Exercise requirements |
Among the lines below, take the one holding "تصویر ست اسپورت", the one holding "Kappe New Era", and all lines between them. Set them down exactly.

● ● ●

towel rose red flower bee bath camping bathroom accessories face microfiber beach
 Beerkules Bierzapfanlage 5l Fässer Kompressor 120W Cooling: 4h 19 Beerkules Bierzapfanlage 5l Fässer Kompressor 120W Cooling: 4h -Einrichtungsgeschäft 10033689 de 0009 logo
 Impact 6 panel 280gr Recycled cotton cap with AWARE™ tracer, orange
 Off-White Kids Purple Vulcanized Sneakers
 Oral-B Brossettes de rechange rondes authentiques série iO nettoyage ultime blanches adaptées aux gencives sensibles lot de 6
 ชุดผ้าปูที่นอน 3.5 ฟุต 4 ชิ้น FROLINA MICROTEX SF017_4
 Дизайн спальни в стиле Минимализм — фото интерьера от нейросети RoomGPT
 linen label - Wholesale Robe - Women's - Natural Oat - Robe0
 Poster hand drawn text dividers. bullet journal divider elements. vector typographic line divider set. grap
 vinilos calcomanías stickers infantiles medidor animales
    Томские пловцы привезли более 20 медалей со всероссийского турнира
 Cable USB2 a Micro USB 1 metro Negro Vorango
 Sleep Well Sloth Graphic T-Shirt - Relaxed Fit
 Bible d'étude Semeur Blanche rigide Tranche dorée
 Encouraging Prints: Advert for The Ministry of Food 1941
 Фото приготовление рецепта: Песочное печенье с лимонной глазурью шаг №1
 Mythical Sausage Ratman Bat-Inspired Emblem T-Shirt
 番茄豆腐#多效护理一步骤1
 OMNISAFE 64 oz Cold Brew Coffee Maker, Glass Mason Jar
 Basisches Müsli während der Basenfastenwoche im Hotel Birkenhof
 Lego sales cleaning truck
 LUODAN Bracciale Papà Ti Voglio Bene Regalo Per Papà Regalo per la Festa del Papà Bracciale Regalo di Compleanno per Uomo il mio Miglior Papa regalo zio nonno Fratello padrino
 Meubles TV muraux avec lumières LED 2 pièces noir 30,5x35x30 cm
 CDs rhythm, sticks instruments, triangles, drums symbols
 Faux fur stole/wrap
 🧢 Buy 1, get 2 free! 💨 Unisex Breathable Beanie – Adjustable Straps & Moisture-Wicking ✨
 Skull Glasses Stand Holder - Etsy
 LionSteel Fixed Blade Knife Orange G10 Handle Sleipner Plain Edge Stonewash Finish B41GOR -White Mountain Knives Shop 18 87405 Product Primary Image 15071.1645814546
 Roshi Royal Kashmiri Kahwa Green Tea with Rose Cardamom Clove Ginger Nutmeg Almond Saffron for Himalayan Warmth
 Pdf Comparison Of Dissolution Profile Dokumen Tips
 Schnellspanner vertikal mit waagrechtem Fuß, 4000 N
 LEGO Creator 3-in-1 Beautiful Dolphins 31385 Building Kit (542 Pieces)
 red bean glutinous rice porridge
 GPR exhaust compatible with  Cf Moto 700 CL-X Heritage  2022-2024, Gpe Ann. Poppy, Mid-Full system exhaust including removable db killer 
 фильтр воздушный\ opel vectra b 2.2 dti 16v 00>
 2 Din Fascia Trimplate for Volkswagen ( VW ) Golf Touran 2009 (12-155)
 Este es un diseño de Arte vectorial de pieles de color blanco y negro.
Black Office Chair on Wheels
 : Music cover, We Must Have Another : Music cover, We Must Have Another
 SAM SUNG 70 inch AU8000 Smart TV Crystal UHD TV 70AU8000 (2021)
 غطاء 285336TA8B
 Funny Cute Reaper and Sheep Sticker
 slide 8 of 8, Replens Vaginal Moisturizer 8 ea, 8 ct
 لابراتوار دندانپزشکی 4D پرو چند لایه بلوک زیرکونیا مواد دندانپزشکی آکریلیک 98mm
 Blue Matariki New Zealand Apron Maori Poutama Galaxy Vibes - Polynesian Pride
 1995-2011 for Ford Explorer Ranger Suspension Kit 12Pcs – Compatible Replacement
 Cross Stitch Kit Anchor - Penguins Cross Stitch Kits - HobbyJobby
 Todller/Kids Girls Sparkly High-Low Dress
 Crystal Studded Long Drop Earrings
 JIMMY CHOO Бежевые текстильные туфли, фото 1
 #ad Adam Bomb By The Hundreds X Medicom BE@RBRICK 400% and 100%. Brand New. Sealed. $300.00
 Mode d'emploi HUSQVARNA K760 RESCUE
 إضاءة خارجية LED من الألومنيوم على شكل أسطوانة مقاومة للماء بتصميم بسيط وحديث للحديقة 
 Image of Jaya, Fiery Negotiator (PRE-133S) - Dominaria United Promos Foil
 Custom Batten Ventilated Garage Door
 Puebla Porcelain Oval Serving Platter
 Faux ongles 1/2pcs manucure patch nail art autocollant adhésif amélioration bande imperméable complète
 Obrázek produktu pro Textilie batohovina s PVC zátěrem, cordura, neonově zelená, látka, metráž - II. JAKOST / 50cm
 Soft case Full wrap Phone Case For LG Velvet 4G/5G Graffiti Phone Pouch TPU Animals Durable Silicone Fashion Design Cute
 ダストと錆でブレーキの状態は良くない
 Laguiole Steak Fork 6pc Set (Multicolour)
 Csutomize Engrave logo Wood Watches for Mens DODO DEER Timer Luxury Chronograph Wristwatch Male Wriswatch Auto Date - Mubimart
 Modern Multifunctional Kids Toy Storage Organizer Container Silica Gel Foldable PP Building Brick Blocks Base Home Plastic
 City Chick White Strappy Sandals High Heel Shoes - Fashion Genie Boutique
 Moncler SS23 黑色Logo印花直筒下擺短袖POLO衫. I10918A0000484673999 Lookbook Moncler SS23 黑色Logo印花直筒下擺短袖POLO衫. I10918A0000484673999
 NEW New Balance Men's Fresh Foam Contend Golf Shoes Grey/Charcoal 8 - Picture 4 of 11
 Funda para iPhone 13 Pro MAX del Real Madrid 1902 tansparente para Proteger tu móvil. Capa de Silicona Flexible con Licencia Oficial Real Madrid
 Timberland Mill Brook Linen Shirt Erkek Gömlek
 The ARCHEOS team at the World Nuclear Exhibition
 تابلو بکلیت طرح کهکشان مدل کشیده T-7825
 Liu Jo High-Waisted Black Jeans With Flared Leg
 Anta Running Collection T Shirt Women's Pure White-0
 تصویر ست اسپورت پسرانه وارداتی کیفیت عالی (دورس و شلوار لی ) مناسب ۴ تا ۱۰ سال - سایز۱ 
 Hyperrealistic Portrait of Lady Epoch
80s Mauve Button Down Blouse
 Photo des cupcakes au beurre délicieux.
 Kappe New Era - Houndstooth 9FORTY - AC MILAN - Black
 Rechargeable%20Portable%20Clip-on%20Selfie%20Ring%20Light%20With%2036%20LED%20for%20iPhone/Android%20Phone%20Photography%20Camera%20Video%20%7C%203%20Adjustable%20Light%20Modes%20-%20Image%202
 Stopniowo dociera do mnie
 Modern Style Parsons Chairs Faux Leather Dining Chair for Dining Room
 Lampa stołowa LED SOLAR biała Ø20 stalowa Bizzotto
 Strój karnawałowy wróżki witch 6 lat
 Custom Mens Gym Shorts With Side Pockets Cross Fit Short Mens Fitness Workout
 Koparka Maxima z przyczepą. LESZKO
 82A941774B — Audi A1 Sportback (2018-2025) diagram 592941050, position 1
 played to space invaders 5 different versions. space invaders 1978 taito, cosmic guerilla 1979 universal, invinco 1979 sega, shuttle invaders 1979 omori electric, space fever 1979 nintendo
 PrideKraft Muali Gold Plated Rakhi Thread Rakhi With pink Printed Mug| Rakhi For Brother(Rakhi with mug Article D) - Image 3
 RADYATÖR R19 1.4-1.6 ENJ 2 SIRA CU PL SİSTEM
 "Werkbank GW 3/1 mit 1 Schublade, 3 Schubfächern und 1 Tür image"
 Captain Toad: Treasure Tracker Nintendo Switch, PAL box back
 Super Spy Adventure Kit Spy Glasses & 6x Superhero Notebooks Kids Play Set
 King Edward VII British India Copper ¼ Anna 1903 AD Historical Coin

● ● ●

Solution to this problem |
 تصویر ست اسپورت پسرانه وارداتی کیفیت عالی (دورس و شلوار لی ) مناسب ۴ تا ۱۰ سال - سایز۱ 
 Hyperrealistic Portrait of Lady Epoch
80s Mauve Button Down Blouse
 Photo des cupcakes au beurre délicieux.
 Kappe New Era - Houndstooth 9FORTY - AC MILAN - Black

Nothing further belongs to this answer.